Para aktivis bahkan intelektual sekalipun seharusnya mulai berhenti melabeli perempuan hanya bisa bekerja pada urusan domestik, ketika Ny. Sinta Nuriyah selama 17 tahun terakhir telah berkeliling ke berbagai daerah di Indonesia untuk melakukan sahur keliling, dengan melibatkan komunitas lintas iman dan kalangan masyarakat akar rumput.
Selain itu, beliau juga masuk dalam daftar sebelas perempuan berpengaruh dunia versi New York Times pada tahun lalu karena dianggap konsisten menyerukan Islam yang toleran.
Kita harusnya percaya bahwa perempuan selalu punya andil besar pada hidup setiap manusia. Ibu adalah sekolah pertama bagi anak-anaknya.
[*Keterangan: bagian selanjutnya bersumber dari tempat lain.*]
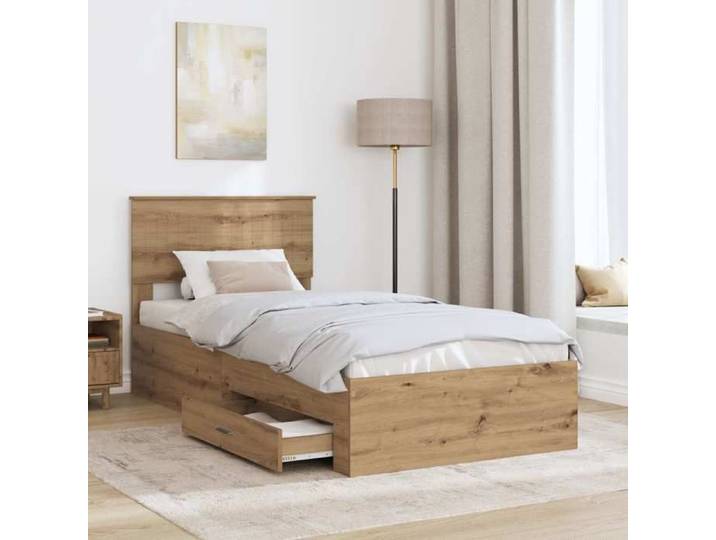 PROMOTION Lit 1 personnes Cadre de Lit simple - pour Adulte - Chêne artisanal 90x200 cm Bois d'ingénierie 344873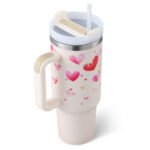 40 Oz Tumbler with Handle Straw Lid Insulated Stainless Steel Vacuum Reusable Coffee Cup Holder Friendly Keep Drinks Cold Gifts for Lover Women Men Car Gym Travel - Image 2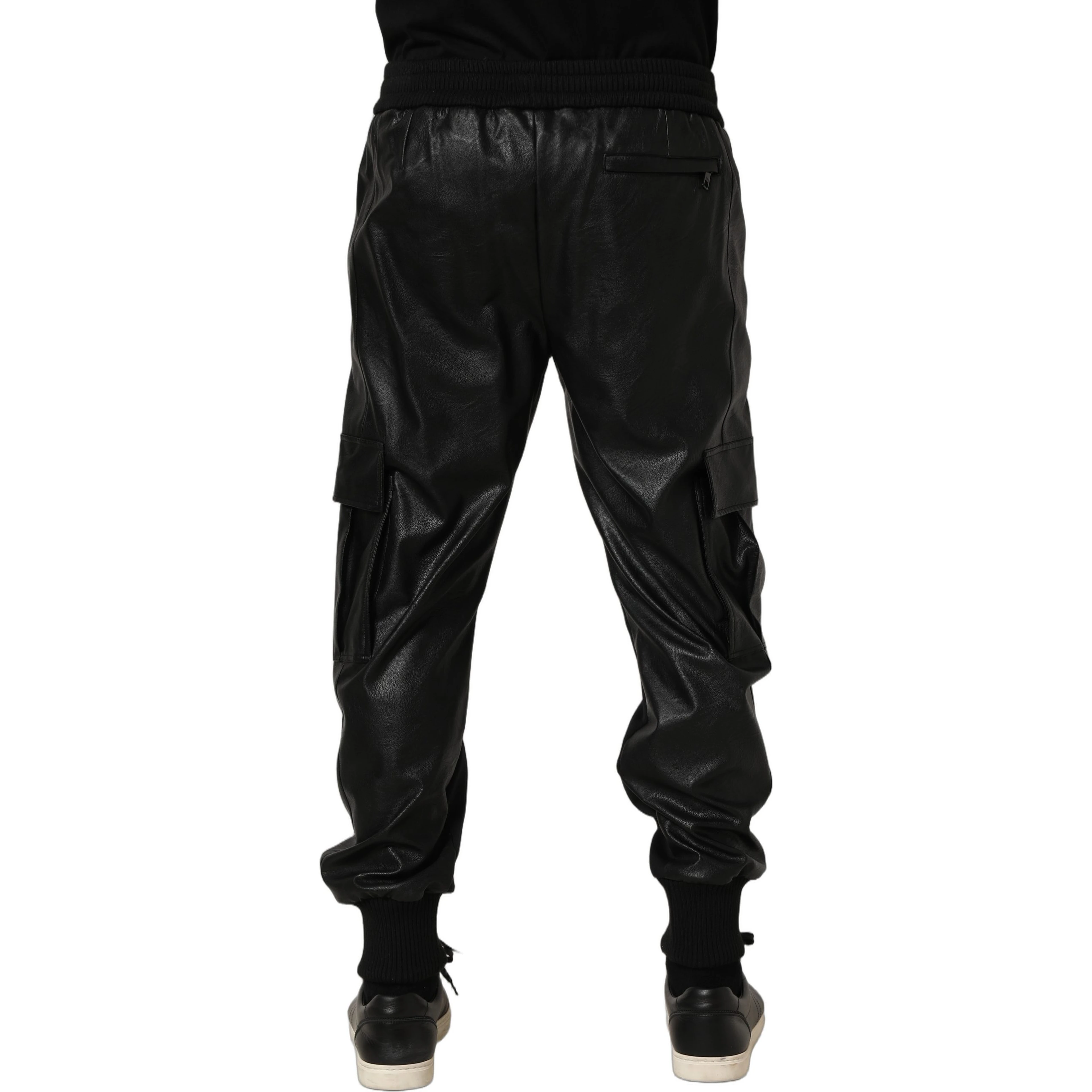 Black Mid Waist Cargo Jogger Sweatpants Pants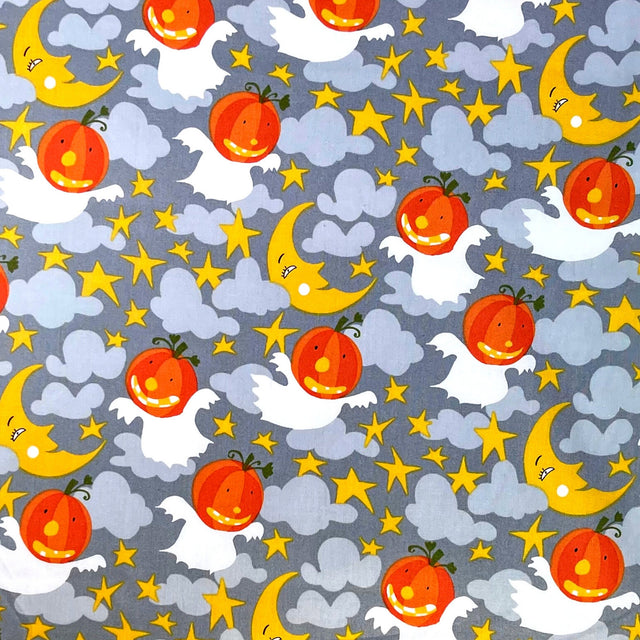 Halloween Vampire fabric, Moon, Stars, Orange Pumpkins, Free Spirit Fabric Cotton Quilting fabric FS-DW104.0SPOO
Bukan berarti karena ibu selalu berada di rumah, sebagaimana domestifikasi pada konsep “ibuisme negara” yang terjadi pada masa Orde Baru, melainkan karena energi feminin yang begitu besar yang dimiliki oleh perempuan.
Paulo Coelho, novelis terkenal asal Brasil, mengamini soal energi feminin ini. Dalam sebuah wawancaranya bersama Juan Arias, Paulo mengatakan, “Seluruh hidupku diatur oleh energi feminin, oleh perempuan. Sebelum bertemu perempuan, aku tidak tahu apa itu welas asih.” Kebesaran nama Paulo tidak bisa lepas dari peran perempuan yang ada di sekelilingnya.
Melihat realitas tersebut, sifat-sifat seperti lemah, pengecut, penakut, banyak ngomong, yang sering kita asosiasikan dengan perempuan menjadi tidak relevan. Karena pada dasarnya sifat-sifat tersebut bersifat netral. Artinya mereka bukanlah sifat yang terpaut pada satu gender tertentu. Kita berbicara dalam ranah kebiasaan dan karakter manusia. Laki-laki atau perempuan bisa saja bersifat demikian.
Arogansi gender kitalah yang membuatnya menjadi stigmatik. Bahwa maskulinitas selalu lebih unggul dan bisa diandalkan daripada femininitas. Bukannya sifat maskulin pada seorang laki-laki salah. Kesalahan sebagian besar laki-laki ada pada arogansi gender dan keluputannya berpikir (juga belaku) adil terhadap perempuan. Itulah yang harus diubah.
Ya, mulai sekarang.
Mohammad Pandu, penulis adalah pegiat di Islami Institute Jogja.